GTK+ has been pissing me off recently - I've been finding and dealing with a lot of memory leaks in my program that were caused by the lack of a call to g_free() for some things that I didn't know needed to be free'd(). I emailed gtk-list about it, and apparently, moving forward, all strings being returned will be g_strdup()'d.

I've had to hunt through the GTK+ source in order to find out which calls return values that have to be freed by the caller, and which calls return values that are just pointers to the guts of a widget. (Which would be bad to free).
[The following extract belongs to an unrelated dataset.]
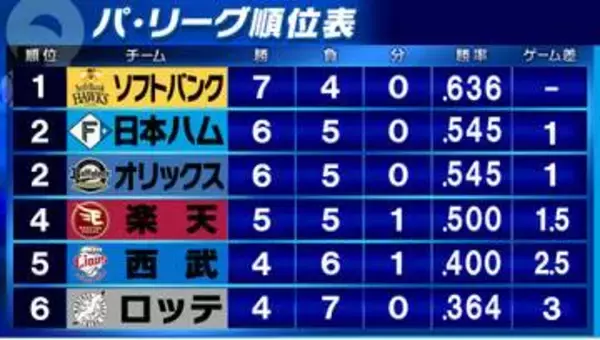 【パ順位表】西武がソフトバンクに連勝し最下位脱出　勝った日本ハムとオリックスが2位タイ浮上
I don't mind poking through the source on that, (I've learned a lot about the guts of GTK+ that way) but I wish that kind of stuff was in the RDP.

I guess it's really not a small thing when one of your calls is in a loop and leaks a few hundred bytes of memory each time through. Oops. And after all the hunting, I'll probably still miss something...

I've been using memprof (which I think Owen wrote) to do this stuff. It's not bad.

Back to debugging...

Whew. Fixing a whole lot of bugs recently. Some of the font and color issues in the program were really nasty, with a new color clobbering your selected font, and a selected font clobbering your color, etc. It wasn't all that pretty. But it's much better now.

Unfortunately, I had to change a few of the variable names, (only some smaller obscure ones) that conflicted with other variable names. I was having some strange problems with the hashing algorithms in glib, and rather than patch glib, it's easier to just slightly change the variable names on things that aren't used that often anyway.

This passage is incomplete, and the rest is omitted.